(Caption-style text data)
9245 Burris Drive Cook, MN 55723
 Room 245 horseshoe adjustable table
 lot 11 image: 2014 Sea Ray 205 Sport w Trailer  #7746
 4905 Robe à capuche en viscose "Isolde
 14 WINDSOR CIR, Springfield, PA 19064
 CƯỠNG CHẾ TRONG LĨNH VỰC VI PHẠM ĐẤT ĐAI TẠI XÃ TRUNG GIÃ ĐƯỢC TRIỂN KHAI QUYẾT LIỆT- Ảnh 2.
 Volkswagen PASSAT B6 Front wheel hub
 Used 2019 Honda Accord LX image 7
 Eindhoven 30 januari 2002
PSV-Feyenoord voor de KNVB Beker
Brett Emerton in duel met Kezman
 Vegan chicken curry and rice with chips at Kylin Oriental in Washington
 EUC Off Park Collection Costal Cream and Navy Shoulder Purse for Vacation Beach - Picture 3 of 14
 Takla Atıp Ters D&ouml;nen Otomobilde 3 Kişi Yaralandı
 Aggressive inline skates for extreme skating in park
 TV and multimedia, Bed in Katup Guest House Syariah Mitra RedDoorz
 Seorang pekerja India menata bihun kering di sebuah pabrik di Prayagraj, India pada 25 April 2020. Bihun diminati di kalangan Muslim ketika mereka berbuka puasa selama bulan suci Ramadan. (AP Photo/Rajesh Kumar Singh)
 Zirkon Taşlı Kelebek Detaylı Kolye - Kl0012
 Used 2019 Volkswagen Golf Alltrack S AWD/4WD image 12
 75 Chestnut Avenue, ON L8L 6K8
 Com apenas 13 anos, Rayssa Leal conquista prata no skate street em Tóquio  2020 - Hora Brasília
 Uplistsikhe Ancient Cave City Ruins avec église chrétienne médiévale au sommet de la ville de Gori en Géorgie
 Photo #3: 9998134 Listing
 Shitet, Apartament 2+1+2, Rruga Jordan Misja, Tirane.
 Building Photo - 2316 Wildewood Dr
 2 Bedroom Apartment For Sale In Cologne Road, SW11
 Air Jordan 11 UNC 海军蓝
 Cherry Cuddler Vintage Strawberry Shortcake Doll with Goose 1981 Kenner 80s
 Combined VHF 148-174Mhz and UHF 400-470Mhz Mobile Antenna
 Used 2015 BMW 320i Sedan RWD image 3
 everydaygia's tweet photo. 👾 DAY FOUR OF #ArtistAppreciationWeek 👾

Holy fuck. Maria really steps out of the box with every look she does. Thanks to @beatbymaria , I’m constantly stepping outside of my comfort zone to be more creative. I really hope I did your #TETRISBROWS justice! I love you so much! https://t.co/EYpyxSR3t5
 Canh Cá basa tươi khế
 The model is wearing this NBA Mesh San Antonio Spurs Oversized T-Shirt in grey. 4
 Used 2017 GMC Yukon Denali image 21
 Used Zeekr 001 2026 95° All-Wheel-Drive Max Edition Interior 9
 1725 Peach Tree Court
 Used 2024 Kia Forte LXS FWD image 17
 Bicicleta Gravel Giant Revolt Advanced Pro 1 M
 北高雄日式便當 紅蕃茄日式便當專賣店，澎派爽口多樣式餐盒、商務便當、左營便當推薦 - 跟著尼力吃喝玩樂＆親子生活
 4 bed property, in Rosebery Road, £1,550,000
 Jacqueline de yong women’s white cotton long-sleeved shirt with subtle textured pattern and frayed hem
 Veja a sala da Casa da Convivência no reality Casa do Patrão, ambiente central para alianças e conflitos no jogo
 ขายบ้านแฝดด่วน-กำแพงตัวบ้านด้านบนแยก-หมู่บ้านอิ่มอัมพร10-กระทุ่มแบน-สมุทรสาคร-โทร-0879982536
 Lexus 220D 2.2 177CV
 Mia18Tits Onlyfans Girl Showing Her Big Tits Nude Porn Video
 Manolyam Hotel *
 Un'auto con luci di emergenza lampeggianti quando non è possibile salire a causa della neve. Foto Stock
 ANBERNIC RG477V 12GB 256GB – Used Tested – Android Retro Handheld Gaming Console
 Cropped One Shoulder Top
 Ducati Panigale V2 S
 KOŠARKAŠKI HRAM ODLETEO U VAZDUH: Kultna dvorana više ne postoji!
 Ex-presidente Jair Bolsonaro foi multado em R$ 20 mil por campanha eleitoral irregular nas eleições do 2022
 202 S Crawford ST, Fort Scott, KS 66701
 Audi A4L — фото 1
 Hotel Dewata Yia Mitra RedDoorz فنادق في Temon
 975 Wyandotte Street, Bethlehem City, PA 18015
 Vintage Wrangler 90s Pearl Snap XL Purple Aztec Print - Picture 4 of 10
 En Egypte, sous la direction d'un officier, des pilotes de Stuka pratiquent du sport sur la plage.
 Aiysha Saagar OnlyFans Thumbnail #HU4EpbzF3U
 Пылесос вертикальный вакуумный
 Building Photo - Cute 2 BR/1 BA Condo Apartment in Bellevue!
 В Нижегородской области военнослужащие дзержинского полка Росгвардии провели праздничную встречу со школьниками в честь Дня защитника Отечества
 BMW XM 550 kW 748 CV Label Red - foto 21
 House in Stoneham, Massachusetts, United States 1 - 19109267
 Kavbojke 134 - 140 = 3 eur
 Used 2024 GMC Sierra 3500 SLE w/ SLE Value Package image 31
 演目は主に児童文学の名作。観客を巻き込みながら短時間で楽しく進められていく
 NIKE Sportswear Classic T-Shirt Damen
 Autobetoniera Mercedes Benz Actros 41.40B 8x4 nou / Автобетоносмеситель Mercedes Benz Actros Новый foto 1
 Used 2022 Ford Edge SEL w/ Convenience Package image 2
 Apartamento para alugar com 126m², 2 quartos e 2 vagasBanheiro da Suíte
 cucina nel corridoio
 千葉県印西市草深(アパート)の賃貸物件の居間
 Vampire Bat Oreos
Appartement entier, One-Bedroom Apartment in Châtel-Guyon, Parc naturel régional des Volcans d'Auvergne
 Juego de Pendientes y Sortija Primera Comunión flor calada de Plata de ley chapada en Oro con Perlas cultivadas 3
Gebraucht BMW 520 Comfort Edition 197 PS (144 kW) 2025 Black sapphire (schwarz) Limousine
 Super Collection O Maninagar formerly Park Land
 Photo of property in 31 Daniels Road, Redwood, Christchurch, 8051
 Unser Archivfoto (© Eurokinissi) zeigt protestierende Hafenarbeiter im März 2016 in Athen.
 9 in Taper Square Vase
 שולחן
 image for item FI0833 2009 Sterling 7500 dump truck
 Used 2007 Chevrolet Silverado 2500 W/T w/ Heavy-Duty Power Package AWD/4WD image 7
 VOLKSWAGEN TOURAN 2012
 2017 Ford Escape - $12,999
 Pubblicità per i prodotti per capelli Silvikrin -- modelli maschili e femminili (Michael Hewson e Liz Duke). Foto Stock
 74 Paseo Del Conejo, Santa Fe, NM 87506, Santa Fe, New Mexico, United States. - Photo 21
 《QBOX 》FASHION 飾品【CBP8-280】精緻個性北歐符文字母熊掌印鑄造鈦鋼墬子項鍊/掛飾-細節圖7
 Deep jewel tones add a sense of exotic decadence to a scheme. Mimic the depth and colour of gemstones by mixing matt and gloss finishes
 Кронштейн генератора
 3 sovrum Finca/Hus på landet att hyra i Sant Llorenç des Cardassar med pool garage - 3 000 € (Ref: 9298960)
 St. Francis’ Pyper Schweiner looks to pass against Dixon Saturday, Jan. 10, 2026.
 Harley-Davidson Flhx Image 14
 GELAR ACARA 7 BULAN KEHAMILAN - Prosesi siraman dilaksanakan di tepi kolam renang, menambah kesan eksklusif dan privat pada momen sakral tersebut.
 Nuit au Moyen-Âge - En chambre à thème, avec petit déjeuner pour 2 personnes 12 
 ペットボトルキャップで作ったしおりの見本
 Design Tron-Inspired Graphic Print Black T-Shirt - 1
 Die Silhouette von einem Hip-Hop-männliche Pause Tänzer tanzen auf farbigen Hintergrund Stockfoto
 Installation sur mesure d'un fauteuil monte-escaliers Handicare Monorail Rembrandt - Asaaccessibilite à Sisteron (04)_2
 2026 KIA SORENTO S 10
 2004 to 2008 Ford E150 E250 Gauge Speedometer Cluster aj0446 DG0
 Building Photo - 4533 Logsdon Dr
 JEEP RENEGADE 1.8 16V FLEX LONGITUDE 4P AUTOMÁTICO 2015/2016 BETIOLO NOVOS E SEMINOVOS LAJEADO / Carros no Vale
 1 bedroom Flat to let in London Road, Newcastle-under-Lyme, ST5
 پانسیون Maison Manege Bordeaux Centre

▶ **Work item**: Copy the lines from the start of the data verbatim, stopping after the line containing "CƯỠNG CHẾ TRONG".

▶ **Response to this task**:
9245 Burris Drive Cook, MN 55723
 Room 245 horseshoe adjustable table
 lot 11 image: 2014 Sea Ray 205 Sport w Trailer  #7746
 4905 Robe à capuche en viscose "Isolde
 14 WINDSOR CIR, Springfield, PA 19064
 CƯỠNG CHẾ TRONG LĨNH VỰC VI PHẠM ĐẤT ĐAI TẠI XÃ TRUNG GIÃ ĐƯỢC TRIỂN KHAI QUYẾT LIỆT- Ảnh 2.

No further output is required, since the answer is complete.